Suttner was the daughter of an impoverished Austrian Field Marshal, Franz-Josef Graf Kinsky von Wchinitz und Tettau (October 12, 1768-January 4, 1843), and wife, married on July 26, 1834, Sophie Korner (January 11, 1815-March 26, 1884), and governess to the wealthy Suttner family from 1873. She had an older brother, Arthur Franz Graf Kinsky von Wchinitz und Tettau (April 17, 1837-May 29, 1906), who died unmarried and childless.
She became engaged to engineer and novelist Arthur Gundaccar Freiherr von Suttner (died December 10, 1902), but her family opposed the match, and she answered an advertisement from Alfred Nobel in 1876 to become his secretary-housekeeper at his Paris residence. She only remained a week before returning to Vienna and secretly marrying Arthur on June 12, 1876.

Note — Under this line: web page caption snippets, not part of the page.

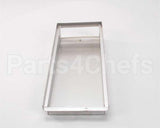 369488 Lincoln Finger Body Assembly Same As 90030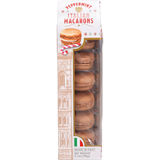 Borgo de Medici Macarons Pepparmint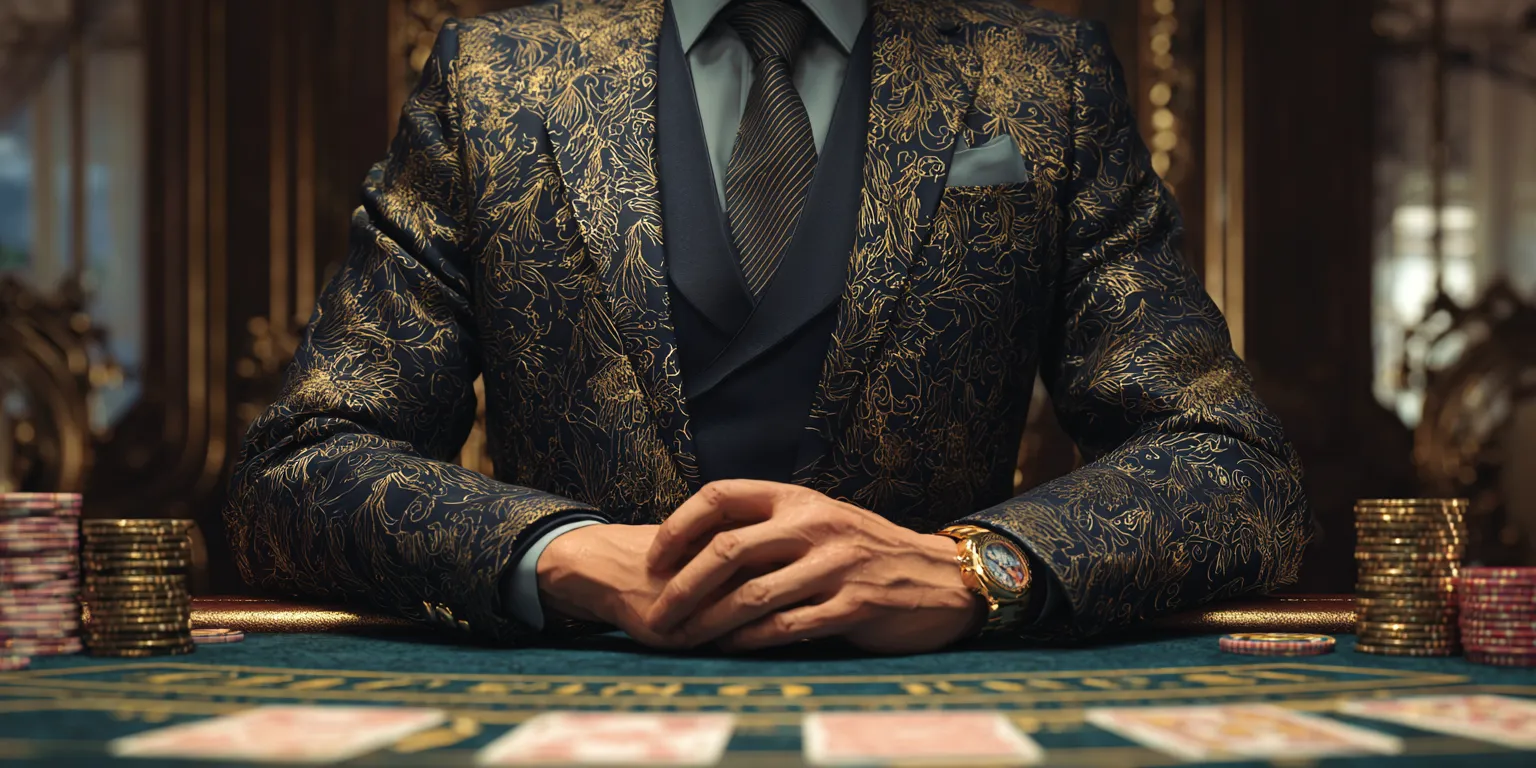 Khám Phá Gk88bet: Nơi Trúng Xổ Số Quảng Ninh Đầy Hấp Dẫn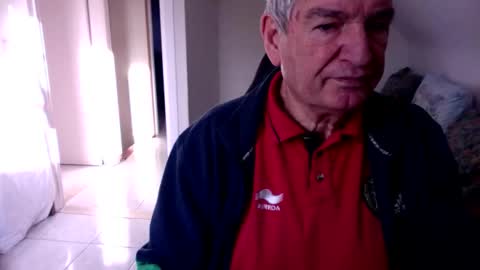 Gisse online show from 12.18.25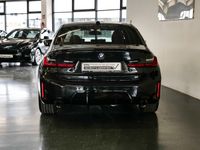 BMW 320 - Vorschau Bild 5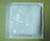 Valuemed Sterile Gauze 4"x4" 4ply Non-Woven 20/pkg 100pkg/cs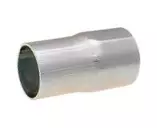 Tecnigas E-Nox Holkki, Ø25/28, AM6 - Mopon & Skootterin Pakoputket mopoille - 97753 - 1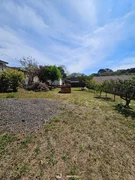 <strong>Terreno Olarias - Próximo ao Lago</strong>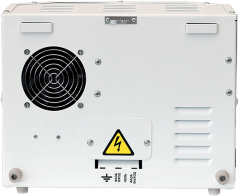 Энерготех NORMA 7500(HV)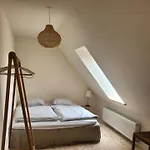Отель типа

Suttner became a leading figure in the peace movement with the publication of her novel, Die Waffen nieder! (Lay Down Your Arms!) in 1889 and founded an Austrian pacifist organization in 1891. She gained international repute as editor of the international pacifist journal Die Waffen nieder!, named for her book, from 1892 to 1899. Her pacifism was influenced by the writings of H. T. Buckle, Herbert Spencer, and Charles Darwin. Though her personal contact with Alfred Nobel had been brief, she corresponded with him until his death in 1896, and it is believed that she was a major influence in his decision to include a peace prize among those prizes provided in his will, which she won in 1905. The film Die Waffen nieder by Holger Madsen and Carl Theodor Dreyer was made by Nordisk Films Kompagni in 1914. She is depicted on the Austrian 2 euro coin. She was pictured on the old Austrian 1000 schilling bank note.